One’s prop taxes go up if 1. that property’s assessed value increases more than other properties in the municipality or 2. because the municipality needs more revenue and so increases the mill rate fo everyone.
If everyone’s assessed went up say 20% but the municipality didn’t need extra revenue compared to prior year, the property taxes on an individual property would remain same as prior year (mill rate would be set lower for everyone).
Think total revenue needs of muni / total assessed value of properties in muni = mill rate for the year.
And your prop taxes = your assessed * muni mill rate.
This is ridiculous. “Only impacting 9% of homes in cities like Vancouver/Toronto. News flash 1 million dollar homes are the minimum in almost every part of BC up up Hope which like 2+ hours away. This would be stupid and penalize people who just barely got into the housing market. Instead focus on the corruption and money laundering plus raise interest rates in general.

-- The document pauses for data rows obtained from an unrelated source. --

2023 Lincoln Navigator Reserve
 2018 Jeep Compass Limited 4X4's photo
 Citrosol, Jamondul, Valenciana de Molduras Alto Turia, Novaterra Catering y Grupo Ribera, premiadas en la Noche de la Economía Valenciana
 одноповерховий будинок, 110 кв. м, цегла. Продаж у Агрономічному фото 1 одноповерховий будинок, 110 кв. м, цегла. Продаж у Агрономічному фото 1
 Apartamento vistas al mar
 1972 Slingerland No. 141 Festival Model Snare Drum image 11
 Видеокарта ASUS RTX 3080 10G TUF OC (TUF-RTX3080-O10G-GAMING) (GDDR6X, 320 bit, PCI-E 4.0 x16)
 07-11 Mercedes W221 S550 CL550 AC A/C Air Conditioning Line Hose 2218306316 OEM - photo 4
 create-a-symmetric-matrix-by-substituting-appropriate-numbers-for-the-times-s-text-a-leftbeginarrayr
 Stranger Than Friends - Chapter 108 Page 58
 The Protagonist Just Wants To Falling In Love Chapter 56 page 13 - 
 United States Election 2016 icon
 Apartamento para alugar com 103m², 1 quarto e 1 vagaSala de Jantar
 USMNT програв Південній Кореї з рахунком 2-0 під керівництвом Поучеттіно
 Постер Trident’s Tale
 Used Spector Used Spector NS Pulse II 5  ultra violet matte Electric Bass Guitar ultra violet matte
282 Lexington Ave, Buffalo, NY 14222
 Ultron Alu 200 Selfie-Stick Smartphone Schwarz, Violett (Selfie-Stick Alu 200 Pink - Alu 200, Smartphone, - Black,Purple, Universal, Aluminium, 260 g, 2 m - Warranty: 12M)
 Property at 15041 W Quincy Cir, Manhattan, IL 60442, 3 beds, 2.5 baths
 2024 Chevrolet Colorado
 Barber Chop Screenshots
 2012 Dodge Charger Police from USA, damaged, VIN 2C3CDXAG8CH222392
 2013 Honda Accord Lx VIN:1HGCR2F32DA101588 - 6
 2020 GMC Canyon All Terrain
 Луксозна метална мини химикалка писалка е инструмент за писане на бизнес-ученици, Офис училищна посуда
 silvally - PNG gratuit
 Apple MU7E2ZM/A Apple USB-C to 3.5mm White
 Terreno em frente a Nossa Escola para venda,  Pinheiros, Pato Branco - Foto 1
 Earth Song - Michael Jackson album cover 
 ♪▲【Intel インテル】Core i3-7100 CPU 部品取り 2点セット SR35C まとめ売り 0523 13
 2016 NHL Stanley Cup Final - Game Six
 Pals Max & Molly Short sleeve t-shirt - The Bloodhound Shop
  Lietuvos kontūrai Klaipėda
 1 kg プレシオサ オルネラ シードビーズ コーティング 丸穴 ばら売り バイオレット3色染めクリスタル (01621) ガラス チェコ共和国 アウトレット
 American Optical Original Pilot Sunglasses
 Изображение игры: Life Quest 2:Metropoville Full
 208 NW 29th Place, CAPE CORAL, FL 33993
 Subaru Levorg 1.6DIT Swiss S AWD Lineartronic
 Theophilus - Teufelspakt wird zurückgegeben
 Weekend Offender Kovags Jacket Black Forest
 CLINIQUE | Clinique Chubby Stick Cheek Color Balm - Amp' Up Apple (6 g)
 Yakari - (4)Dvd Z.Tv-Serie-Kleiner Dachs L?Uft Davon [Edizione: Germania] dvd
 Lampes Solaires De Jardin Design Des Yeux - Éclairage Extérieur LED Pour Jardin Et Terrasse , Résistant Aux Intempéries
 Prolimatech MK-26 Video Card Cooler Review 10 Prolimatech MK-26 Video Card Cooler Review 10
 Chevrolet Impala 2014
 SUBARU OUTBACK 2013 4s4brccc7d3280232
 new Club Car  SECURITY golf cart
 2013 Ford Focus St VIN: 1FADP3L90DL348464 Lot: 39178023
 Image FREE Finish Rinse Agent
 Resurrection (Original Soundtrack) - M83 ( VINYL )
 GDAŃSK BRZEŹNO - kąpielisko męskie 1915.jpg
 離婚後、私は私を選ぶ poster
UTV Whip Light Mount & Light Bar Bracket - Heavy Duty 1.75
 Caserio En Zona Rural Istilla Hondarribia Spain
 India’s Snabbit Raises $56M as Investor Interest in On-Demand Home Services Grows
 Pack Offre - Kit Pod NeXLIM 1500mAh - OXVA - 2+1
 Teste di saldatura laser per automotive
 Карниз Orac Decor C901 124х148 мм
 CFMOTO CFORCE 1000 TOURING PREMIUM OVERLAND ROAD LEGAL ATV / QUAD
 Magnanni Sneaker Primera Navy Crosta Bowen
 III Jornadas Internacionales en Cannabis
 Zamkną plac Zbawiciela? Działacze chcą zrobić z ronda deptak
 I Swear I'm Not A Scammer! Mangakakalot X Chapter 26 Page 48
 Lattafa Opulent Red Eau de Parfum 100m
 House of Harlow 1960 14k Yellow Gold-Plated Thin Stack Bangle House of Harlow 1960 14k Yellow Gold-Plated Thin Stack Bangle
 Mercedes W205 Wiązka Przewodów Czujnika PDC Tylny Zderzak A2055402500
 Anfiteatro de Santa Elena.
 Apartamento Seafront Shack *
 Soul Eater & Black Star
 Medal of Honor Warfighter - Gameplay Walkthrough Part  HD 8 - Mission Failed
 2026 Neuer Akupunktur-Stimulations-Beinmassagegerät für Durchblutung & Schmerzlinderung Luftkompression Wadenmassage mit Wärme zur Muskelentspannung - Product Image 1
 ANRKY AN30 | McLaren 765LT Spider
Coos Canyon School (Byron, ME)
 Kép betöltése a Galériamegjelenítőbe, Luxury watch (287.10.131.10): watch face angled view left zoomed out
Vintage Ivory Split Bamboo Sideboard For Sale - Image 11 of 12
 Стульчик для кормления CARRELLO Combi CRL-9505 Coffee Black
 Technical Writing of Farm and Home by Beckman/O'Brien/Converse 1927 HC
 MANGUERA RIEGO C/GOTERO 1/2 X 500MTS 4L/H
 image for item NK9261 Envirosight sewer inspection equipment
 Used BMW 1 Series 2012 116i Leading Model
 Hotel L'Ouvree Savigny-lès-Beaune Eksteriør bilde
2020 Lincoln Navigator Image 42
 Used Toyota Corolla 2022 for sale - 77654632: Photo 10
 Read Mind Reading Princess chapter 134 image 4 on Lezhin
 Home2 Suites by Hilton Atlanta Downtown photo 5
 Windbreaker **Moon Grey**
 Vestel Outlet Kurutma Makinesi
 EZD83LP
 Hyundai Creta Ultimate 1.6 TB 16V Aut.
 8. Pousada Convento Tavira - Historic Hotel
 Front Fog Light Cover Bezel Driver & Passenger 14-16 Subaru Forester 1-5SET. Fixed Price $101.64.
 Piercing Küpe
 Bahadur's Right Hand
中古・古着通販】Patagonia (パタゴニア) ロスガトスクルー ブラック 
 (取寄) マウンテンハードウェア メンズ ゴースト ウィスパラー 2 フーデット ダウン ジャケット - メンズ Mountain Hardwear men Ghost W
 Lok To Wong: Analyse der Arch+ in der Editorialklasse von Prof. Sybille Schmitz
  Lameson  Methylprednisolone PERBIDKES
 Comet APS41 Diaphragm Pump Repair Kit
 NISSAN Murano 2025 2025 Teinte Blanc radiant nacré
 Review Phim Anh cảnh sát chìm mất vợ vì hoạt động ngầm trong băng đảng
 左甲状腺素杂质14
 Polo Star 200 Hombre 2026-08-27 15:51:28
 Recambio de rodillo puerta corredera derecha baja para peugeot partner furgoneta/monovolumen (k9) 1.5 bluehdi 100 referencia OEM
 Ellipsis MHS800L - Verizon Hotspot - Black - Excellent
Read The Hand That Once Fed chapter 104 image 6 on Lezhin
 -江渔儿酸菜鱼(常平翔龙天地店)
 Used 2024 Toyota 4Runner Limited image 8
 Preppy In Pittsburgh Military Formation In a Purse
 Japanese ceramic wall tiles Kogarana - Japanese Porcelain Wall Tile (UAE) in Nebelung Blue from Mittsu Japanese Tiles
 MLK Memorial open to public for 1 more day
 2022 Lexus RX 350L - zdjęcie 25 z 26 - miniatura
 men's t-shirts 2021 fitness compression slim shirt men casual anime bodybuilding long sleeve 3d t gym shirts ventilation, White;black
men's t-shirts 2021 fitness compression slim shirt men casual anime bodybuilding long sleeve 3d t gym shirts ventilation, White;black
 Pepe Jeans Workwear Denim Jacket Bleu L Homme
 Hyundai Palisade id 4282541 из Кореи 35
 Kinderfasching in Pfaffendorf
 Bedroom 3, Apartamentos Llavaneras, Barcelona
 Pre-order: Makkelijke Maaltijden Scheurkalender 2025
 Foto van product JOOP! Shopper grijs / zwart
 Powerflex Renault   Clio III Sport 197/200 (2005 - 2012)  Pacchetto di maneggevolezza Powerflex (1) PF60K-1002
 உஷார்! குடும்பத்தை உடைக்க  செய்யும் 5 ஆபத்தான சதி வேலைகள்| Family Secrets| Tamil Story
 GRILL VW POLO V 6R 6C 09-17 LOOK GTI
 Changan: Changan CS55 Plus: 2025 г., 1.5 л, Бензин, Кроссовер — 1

It’s all the government costs that have added to cost of housing especially in Toronto all in the name of taking from hard working Canadians and give to the ones that don’t. Socialism does not work and Canada has embraced it hook line and sinker. A day of reckoning is coming and the only way to reduce the cost of housing is to increase interest rate to normal levels, but all politicians are to weak to say this.
It really doesn’t matter how its calculated, but if a tax is payable at the time of the sale of a property, it is a land-transfer tax, pure and simple. You can try to camouflage it whichever way you like, but if it walks like a duck…
Here in Toronto, we already have two land-transfer taxes, one to the province and one to the city. Far from reducing property prices, it has caused them to go up. The greater the tax on the sale/purchase transaction, the less likely it becomes that people are going to want to sell their homes. That’s what’s happening right now. People are staying put, and the few homes that do come up for sale, become priced much higher than they otherwise would have been. This kind of tax will only have the opposite of the intended effect.
What I really want to know is why the CMHC paid taxpayer’s money to these people for such idiotic work, and also why the Liberal government seems to think that raising taxes is the solution to every problem.